The fundamental difficulty that arises when trying to implement non-nullable types is actually enforcing that the value is not ever null.  With value types, this is ensured by having a strict rule that there must exist a public no-arg constructor that does nothing.   This restriction is ok for certain value types (like the core primitives like integer, boolean, etc.), but is often quite aggravating when dealing with more complex value types.  In these cases you often have to code to this pattern:
public struct ComplicatedValue {
bool initialized;

public ComplicatedValue(SomeArguments args) {
//initialize this struct
initialized = true;
}

public void DoSomething() {
if (initialized == false) {
throw new UnsupportedOperationException(“You can only call this method once you have initialized this struct”);
}

//Do Something
}
}
With that pattern you’ve moved all the checking right back to runtime.  This pattern does have the nice benefit that all that checking is contained within this class (as opposed to the person who consumer ComplicatedValue), but it’s still not very pretty.  If we were to require this for reference types people would go nuts.   So that means we need to coexist with the current ways that people implement reference types.  

So, now lets look at a scenario involving non-nullable types:
public class Person {
string! name;

public Person(string! name) {
this.PrintSomeDebugStuff();
}

public void PrintSomeDebugStuff() {
Console.WriteLine("Debugging Info: " + name.ToString());
}
}
Well that’s not good!  Because we haven’t assigned a value to name yet and we’re going to throw an exception because “name” is null even though we’ve declared that it’s not null!  The problem here is that “this” instance was allowed to be used for general execution before all variables in “this” were set up according the constraints that were listed.  If a class lists constraints on its members then it’s imperative that we ensure they are fulfilled before allowing general execution to continue.  Note: we could ask for a looser type of restriction.  Specifically, we could say that all constraints needed to be satisfied before executing any code that depended on that constraint.  Unfortunately, determining what is the set of code that is dependent on a constraint is extremely difficult, and so it suffices to put the more restrictive system in place. 

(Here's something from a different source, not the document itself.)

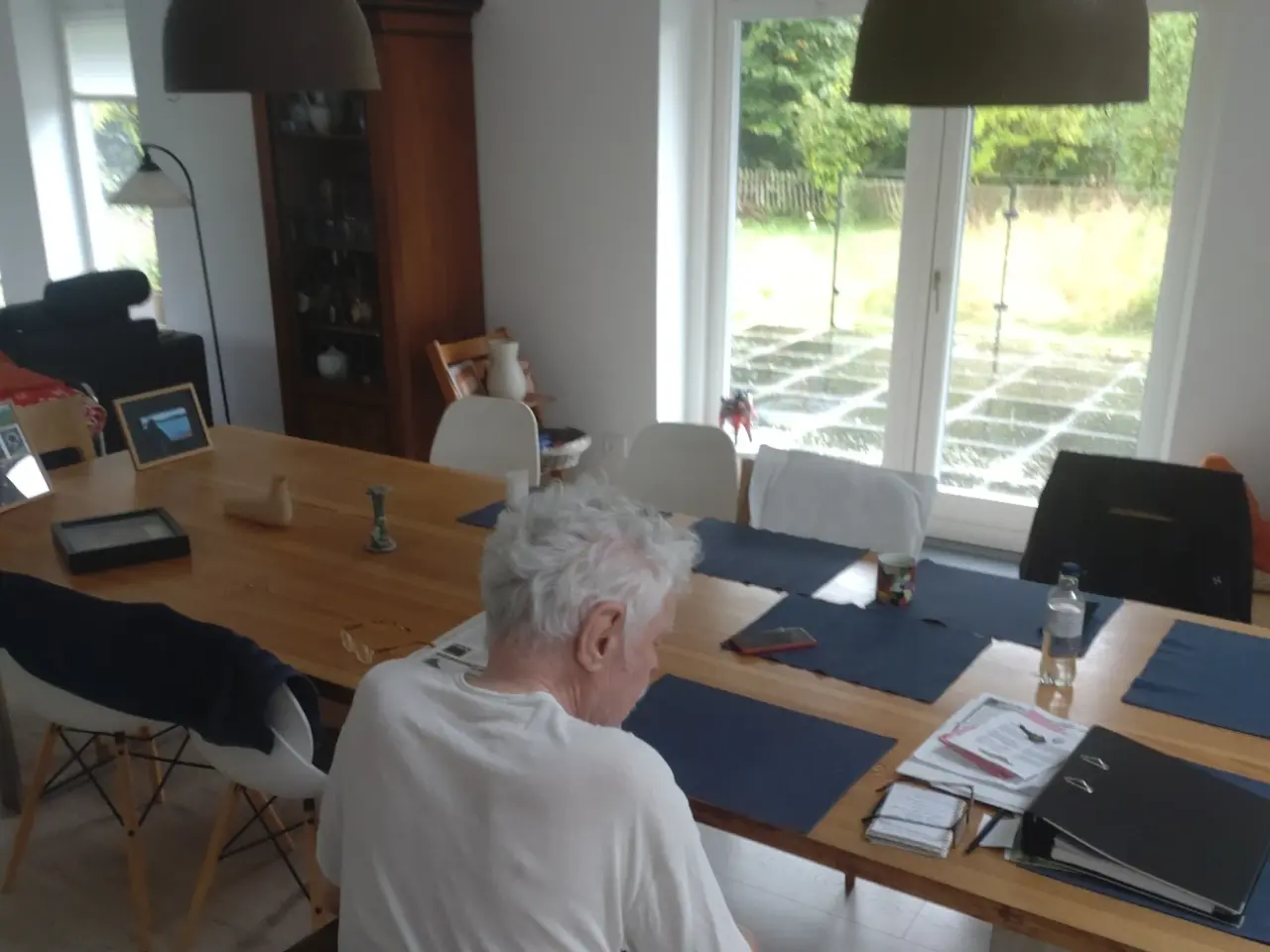 Billede 2 - Langbord Massivt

So, the compiler would flag the above code as illegal because not all non-null fields had been initialized before other code was executed that used the “this” reference.  Instead, you would have to write something like:
    public Person(string! name) {
this.name = name; //or
this.name = "foo"; //or
this.name = SomeExpressionThatReturnsANonNullStringButDoesntUseThis;
this.PrintSomeDebugStuff();
}
Ok.  Seems pretty simple write?  Well, there are a couple of little “gotchas” to be aware of.  Consider the following code:
public abstract class Base {
public Base() {
this.Setup();
}

public abstract void Setup();
}

public class Derived : Base {
string! name;

public Derived(string! name) {
this.name = name;
}

public override void Setup() {
Console.WriteLine("Debugging Info: " + name.ToString());
}
}
If you just look at “Derived” it all looks good.  The constructor ensures that all fields are initialized before any other code is executed.  Right?  Nope.  In C# the constructor is not run until the supertype’s constructor is called.  i.e. you have:
    public Derived(string! name) : base() {
this.name = name;
}
and Base’s constructor is executed before Derive’s is.  So in the above example “Setup” will be called and will try to access “name” before it is actually initialized. 

Now, in order to prevent this we would have to add an extension to C# constructors to get around this problem.  Basically, we would need to give you a way to ensure all class invariants were ensured before being allowed to call the supertype’s constructor.  Perhaps something like this:
    public Derived(string! name) {
this.name = name;
base(); //base constructor call has moved to after the initialization of fields
}

There would be special restrictions in place in this code region before “base()” is called.  No access to “this” pointer, except to assign into fields, and no access to non-null fields of the supertype (since they haven’t been initialized yet).

Now we’re all set.  We can enforce our class constraints and ensure that if anyone has access to the “this” pointer that our invariants have been met. 

Ok.  So that’s one problem with non-null types addressed.  A few more yet to come!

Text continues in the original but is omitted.